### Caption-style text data
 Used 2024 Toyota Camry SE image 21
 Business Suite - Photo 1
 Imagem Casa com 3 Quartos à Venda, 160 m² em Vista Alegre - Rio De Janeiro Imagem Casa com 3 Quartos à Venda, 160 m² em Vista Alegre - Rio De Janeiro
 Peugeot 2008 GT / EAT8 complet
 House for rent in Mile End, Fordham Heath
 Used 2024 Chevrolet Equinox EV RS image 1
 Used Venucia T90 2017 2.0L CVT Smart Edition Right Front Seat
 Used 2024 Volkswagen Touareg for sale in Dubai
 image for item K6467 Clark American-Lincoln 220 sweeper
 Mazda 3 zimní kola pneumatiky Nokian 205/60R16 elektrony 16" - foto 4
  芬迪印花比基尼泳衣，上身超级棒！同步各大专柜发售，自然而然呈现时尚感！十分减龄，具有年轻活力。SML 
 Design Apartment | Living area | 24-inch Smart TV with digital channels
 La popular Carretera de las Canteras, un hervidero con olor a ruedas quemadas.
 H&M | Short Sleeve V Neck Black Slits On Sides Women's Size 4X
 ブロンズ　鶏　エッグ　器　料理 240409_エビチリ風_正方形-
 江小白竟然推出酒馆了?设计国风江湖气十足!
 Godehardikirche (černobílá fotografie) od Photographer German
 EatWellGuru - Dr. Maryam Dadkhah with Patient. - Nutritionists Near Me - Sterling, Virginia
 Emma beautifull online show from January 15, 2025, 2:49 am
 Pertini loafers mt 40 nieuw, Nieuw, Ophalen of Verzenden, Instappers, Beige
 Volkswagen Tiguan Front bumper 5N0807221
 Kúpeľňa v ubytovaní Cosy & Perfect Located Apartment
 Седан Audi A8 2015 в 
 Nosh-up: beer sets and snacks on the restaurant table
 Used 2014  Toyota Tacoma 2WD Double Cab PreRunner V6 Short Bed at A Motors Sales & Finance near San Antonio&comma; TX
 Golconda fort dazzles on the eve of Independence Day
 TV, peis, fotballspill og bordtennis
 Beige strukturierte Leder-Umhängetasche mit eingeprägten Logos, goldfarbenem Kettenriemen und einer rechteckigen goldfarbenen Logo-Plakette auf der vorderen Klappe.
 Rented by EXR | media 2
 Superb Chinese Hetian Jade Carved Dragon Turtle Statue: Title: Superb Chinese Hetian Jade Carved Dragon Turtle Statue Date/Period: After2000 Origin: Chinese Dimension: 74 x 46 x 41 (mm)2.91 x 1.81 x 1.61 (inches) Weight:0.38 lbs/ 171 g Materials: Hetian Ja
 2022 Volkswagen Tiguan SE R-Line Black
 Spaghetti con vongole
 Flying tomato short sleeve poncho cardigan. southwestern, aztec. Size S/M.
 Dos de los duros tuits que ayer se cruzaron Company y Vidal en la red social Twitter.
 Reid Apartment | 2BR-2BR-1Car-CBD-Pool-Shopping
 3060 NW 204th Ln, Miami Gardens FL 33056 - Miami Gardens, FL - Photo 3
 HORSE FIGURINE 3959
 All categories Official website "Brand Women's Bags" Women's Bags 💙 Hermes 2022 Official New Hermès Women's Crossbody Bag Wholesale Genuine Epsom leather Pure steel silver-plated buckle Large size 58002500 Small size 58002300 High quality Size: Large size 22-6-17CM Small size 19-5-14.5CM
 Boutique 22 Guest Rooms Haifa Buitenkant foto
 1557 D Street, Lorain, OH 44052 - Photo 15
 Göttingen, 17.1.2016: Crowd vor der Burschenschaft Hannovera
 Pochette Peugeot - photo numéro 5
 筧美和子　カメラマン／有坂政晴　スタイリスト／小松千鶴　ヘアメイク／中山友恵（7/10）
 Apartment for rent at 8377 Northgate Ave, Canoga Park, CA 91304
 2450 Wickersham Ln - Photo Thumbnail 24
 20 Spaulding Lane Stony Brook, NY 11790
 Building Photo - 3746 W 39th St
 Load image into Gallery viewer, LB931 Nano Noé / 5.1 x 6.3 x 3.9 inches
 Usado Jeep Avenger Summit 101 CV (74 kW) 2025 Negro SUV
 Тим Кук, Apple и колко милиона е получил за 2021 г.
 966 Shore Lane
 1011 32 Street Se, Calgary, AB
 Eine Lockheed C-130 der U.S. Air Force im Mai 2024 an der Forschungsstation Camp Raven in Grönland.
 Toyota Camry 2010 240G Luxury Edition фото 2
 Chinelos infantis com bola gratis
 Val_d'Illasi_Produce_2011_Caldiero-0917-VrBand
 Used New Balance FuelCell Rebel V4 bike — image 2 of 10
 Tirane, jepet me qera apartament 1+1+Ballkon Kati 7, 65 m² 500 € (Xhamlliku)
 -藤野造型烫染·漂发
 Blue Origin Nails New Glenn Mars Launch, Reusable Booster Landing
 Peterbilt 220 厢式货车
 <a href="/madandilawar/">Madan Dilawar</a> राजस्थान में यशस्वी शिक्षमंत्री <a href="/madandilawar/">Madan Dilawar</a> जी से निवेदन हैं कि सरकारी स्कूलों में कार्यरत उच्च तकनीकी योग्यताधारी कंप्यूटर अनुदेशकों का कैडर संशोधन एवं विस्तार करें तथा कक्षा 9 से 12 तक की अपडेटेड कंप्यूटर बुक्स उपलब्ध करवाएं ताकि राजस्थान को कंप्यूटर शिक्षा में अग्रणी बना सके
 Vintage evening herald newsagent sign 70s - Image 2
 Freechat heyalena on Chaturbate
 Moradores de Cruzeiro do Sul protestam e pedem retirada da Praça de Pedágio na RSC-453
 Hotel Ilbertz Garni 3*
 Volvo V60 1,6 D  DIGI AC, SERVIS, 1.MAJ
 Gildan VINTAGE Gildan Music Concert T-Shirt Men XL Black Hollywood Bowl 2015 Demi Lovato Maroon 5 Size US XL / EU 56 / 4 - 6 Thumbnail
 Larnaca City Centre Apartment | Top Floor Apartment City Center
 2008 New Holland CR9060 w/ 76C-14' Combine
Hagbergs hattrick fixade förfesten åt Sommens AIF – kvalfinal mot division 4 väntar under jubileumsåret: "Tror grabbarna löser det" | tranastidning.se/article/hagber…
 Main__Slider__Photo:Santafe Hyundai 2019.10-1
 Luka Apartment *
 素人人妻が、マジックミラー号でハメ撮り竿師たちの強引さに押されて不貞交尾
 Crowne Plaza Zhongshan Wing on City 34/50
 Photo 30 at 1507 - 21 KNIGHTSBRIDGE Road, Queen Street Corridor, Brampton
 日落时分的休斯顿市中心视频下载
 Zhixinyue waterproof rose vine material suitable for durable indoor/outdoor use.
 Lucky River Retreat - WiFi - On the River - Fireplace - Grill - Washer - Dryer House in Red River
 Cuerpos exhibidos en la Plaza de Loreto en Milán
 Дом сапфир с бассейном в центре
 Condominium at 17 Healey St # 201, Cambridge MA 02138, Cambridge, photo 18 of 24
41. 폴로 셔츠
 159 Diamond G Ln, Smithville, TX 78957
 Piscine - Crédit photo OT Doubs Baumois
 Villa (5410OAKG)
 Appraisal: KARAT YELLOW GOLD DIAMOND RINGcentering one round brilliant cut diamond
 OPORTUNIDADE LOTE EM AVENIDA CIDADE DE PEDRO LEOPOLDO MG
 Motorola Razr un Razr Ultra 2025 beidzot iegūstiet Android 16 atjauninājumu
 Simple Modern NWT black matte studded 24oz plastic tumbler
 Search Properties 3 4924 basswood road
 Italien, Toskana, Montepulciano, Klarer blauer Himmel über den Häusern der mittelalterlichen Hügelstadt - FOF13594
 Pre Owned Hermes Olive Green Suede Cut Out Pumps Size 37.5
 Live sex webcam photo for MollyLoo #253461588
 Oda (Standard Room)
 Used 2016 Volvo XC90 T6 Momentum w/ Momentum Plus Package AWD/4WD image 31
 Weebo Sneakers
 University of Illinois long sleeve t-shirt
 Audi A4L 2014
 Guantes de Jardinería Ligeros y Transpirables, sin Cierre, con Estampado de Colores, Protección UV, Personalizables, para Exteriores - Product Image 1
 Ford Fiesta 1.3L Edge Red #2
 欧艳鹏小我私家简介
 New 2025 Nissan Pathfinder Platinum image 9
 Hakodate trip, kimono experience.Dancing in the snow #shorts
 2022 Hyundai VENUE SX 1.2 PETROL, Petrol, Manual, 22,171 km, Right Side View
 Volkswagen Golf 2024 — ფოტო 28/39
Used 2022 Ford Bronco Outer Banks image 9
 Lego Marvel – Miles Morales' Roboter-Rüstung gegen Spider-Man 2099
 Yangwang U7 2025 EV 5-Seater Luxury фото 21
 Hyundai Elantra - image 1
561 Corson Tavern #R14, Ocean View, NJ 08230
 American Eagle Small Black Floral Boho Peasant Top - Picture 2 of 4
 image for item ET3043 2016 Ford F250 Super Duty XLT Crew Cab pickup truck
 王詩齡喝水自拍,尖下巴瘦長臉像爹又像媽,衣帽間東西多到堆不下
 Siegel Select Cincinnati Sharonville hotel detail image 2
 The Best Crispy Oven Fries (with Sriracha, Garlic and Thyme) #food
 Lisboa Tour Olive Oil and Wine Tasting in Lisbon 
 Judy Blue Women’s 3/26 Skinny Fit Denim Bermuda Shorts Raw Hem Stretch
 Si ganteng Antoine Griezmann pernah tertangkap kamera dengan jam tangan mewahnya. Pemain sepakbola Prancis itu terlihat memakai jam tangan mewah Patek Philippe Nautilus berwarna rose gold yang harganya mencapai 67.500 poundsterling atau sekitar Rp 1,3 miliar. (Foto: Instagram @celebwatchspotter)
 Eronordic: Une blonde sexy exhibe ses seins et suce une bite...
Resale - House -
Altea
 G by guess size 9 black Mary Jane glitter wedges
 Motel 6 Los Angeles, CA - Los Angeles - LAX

### Problem to solve
Search the entries above for lines containing the word "Hermes", and copy each one.

### Finished exercise
 All categories Official website "Brand Women's Bags" Women's Bags 💙 Hermes 2022 Official New Hermès Women's Crossbody Bag Wholesale Genuine Epsom leather Pure steel silver-plated buckle Large size 58002500 Small size 58002300 High quality Size: Large size 22-6-17CM Small size 19-5-14.5CM
 Pre Owned Hermes Olive Green Suede Cut Out Pumps Size 37.5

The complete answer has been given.